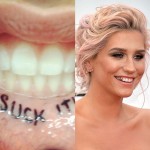 A cantora Kesha achou que era uma boa ideia escrever a palavra "Chupe!" em letras capsulares dentro de seus lábios - imagine o quanto não doeu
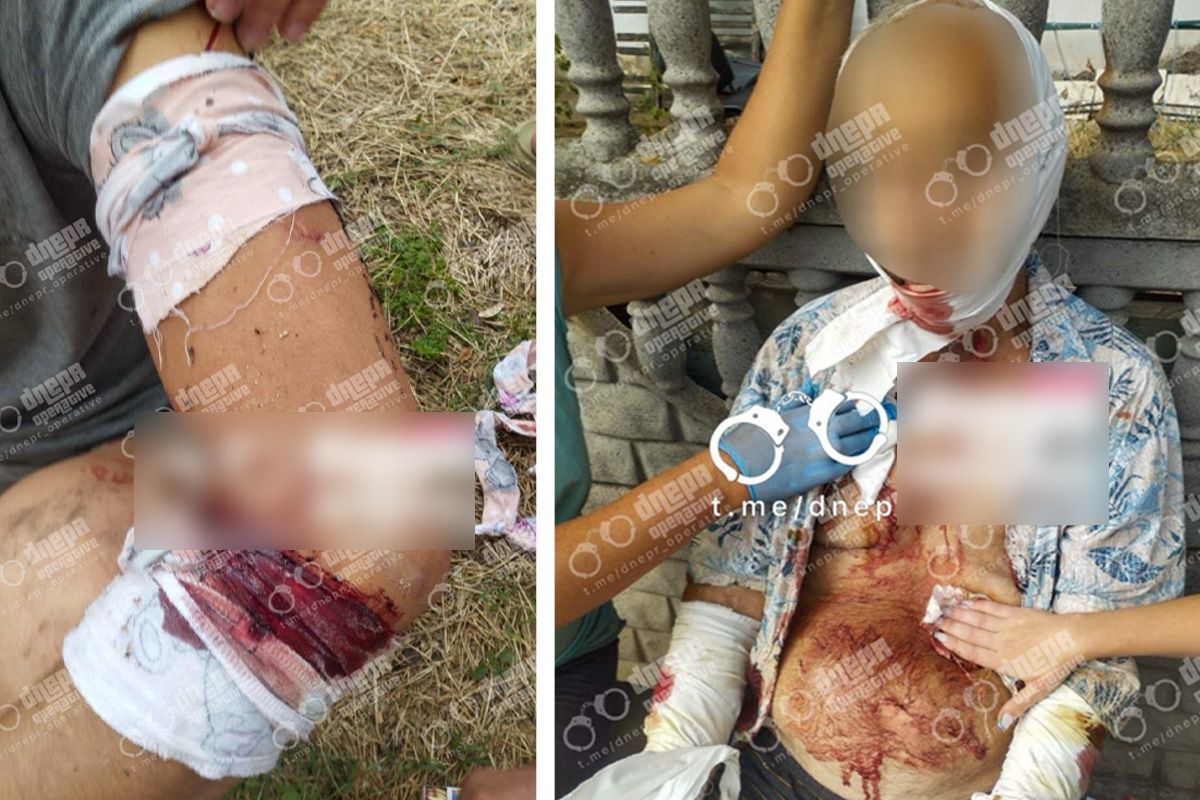 Среди раненых - женщины, спасатели и отец нападающего Пятеро пострадавших: при задержании в Днепропетровской области застрелили 42-летнего мужчину, который с ножом бросался на местных, спасателей и полицию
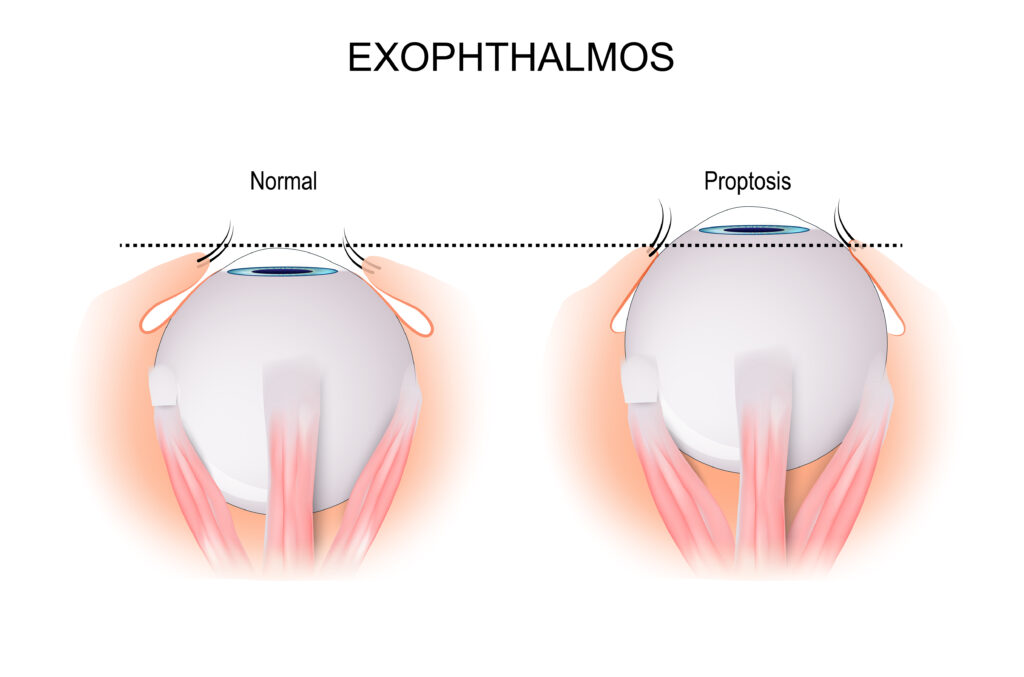 Exophthalmos is a bulging of the eye anteriorly out of the eyelid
=-=-=-=-=
HOW TO COMPLETE THIS TASK ▸
The full listing must come back exactly as written, with its pictures left out.

RESPONSE FOR THIS EXERCISE ▸
 A cantora Kesha achou que era uma boa ideia escrever a palavra "Chupe!" em letras capsulares dentro de seus lábios - imagine o quanto não doeu
 Среди раненых - женщины, спасатели и отец нападающего Пятеро пострадавших: при задержании в Днепропетровской области застрелили 42-летнего мужчину, который с ножом бросался на местных, спасателей и полицию
 Exophthalmos is a bulging of the eye anteriorly out of the eyelid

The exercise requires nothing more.